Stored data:
== Segment start ==

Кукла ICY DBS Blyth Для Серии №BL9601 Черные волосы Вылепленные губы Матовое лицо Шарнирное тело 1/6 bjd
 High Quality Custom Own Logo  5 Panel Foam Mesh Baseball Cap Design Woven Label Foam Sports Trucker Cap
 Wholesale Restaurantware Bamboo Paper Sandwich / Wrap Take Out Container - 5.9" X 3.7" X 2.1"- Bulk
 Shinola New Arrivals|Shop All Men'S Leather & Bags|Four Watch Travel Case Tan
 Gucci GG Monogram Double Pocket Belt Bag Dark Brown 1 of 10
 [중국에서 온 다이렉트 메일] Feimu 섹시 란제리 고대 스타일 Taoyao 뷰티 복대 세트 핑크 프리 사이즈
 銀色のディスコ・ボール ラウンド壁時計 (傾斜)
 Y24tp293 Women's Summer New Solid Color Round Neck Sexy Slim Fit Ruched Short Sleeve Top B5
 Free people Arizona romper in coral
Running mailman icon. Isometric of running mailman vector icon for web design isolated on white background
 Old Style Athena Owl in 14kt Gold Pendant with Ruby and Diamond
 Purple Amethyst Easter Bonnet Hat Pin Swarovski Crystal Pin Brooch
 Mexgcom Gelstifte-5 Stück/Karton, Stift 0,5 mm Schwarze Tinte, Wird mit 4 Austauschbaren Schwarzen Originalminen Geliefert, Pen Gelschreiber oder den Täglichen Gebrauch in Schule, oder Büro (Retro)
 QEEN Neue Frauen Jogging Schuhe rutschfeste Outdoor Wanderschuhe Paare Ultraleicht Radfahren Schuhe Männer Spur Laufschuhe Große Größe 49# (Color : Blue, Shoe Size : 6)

== Segment end ==

Look back at the entries above and repeat, unchanged, every line from the line holding "Free people Arizona romper in coral" through the line holding "Purple Amethyst Easter".

 Free people Arizona romper in coral
Running mailman icon. Isometric of running mailman vector icon for web design isolated on white background
 Old Style Athena Owl in 14kt Gold Pendant with Ruby and Diamond
 Purple Amethyst Easter Bonnet Hat Pin Swarovski Crystal Pin Brooch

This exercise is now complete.